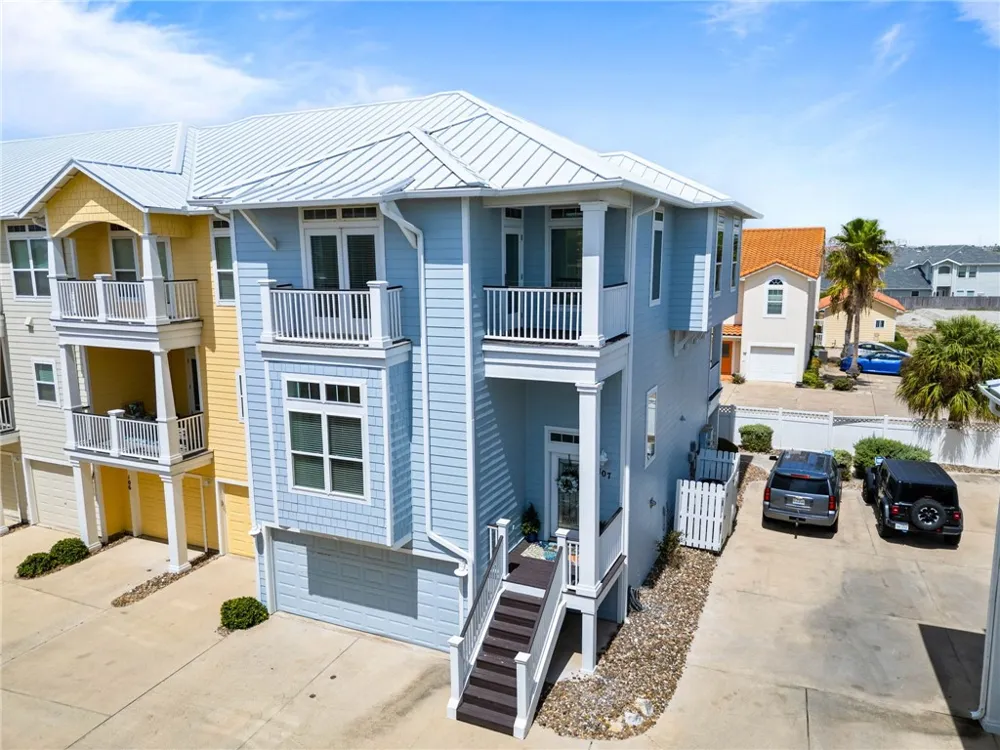 14890 Granada Drive #107 Corpus Christi, TX 78418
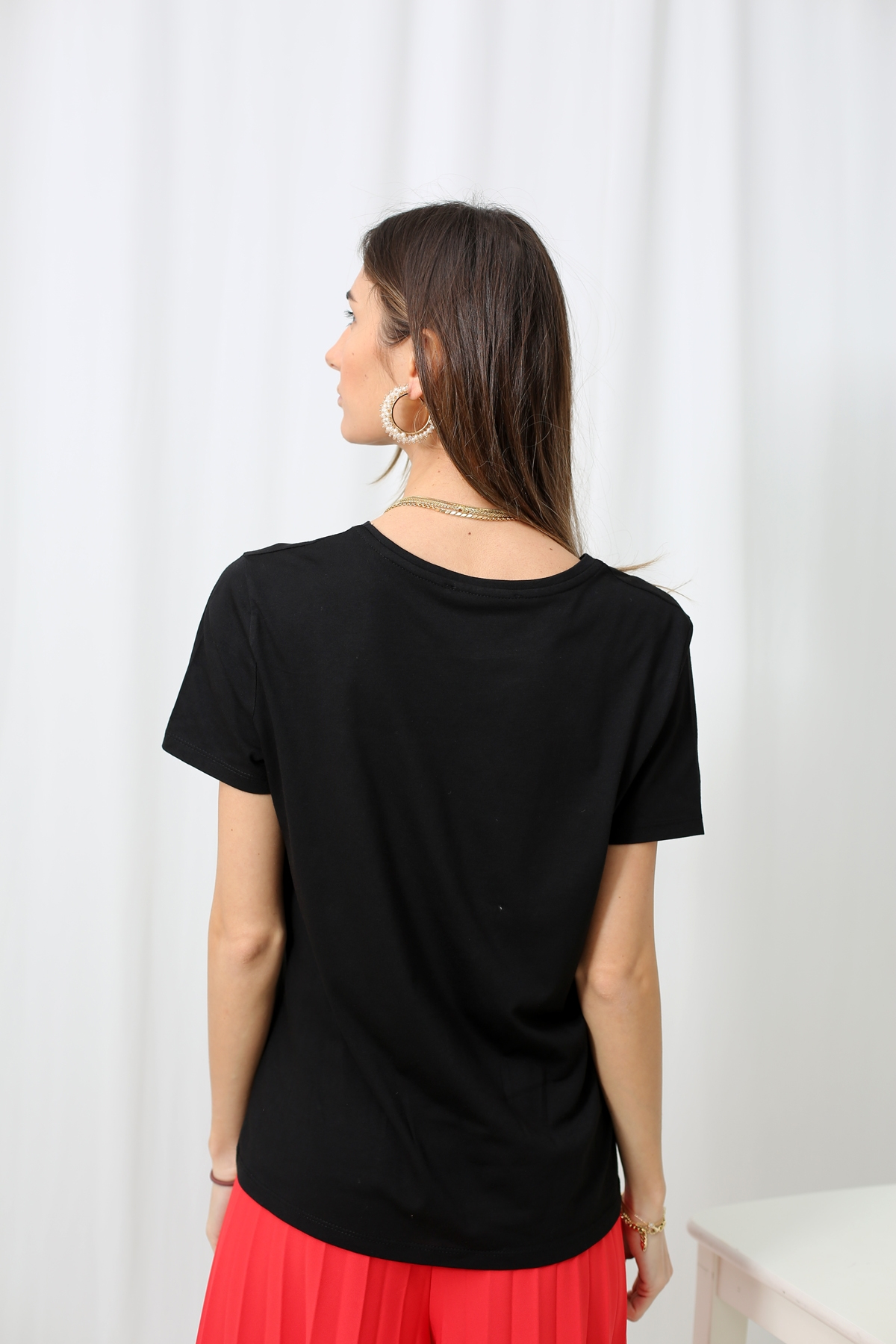 Siyah Taşlı Küpeli Tshirt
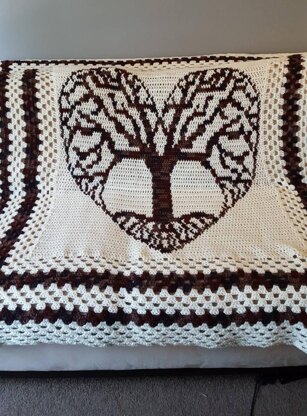 Heart Shaped Tree of Life Blanket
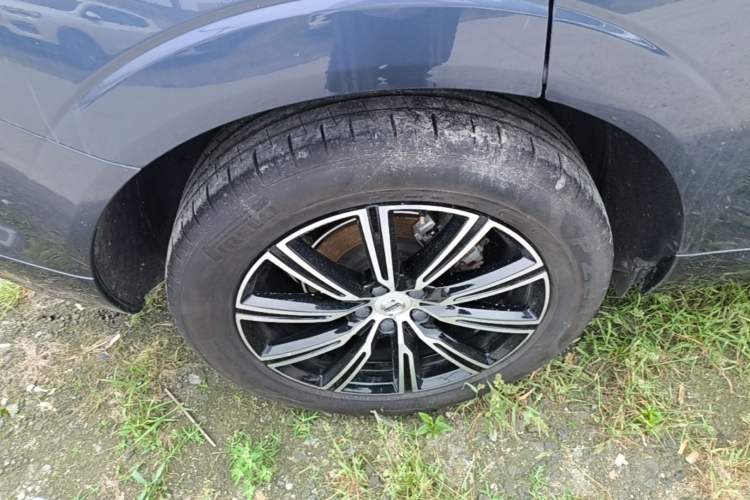 Used Volvo XC60 2020 T5 4x4 Smart Luxury Edition Right Rear Wheel Hub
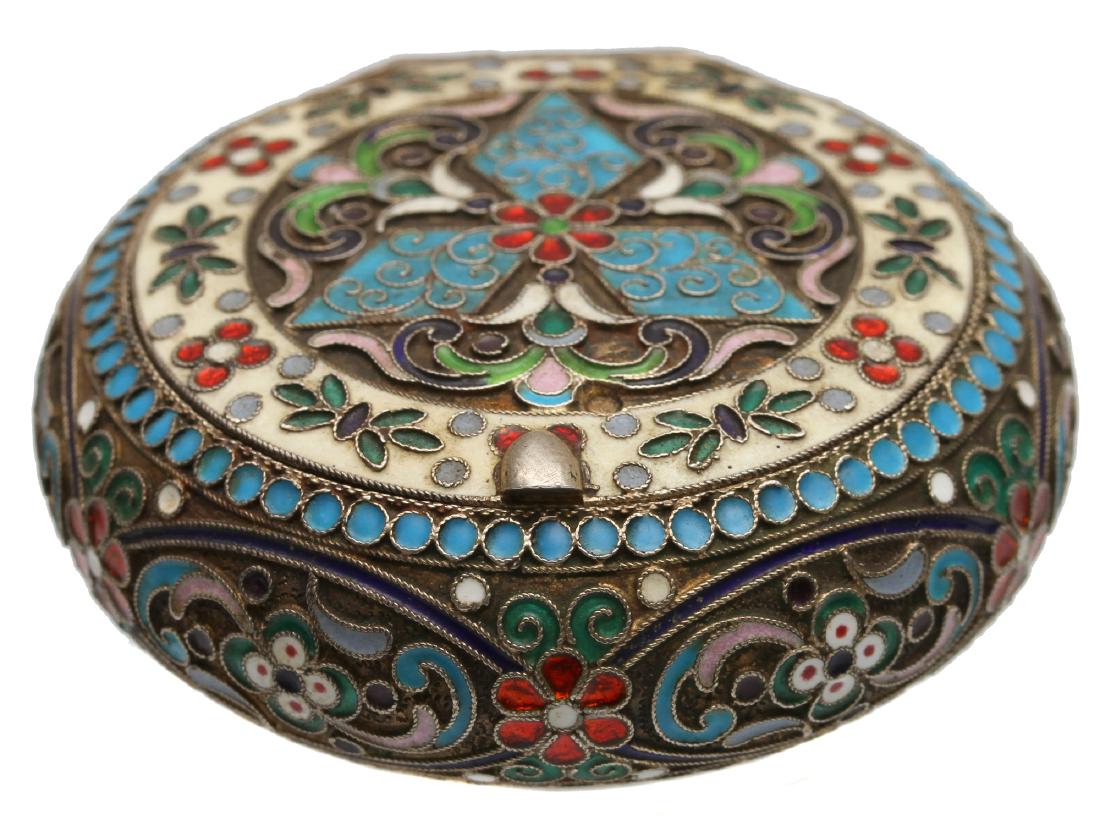 A RUSSIAN CLOISONNE SILVER LIDDED SALT CELLAR: A Russia parcel gilt cloisonne enamel silver lidded salt cellar featuring a beautiful floral design. Hallmarks: female head looking right, 84 proof, in Cyrillic: "PiK", Weight: 2.5 oz., (70 gr.) Dimen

※ ※ ※

What you need to do: Once you find the line containing "Siyah Taşlı Küpeli Tshirt", retype it and every line after it through the last line of the records above, exactly. Add nothing else, and leave out the pictures.

Answer space:
 Siyah Taşlı Küpeli Tshirt
 Heart Shaped Tree of Life Blanket
 Used Volvo XC60 2020 T5 4x4 Smart Luxury Edition Right Rear Wheel Hub
 A RUSSIAN CLOISONNE SILVER LIDDED SALT CELLAR: A Russia parcel gilt cloisonne enamel silver lidded salt cellar featuring a beautiful floral design. Hallmarks: female head looking right, 84 proof, in Cyrillic: "PiK", Weight: 2.5 oz., (70 gr.) Dimen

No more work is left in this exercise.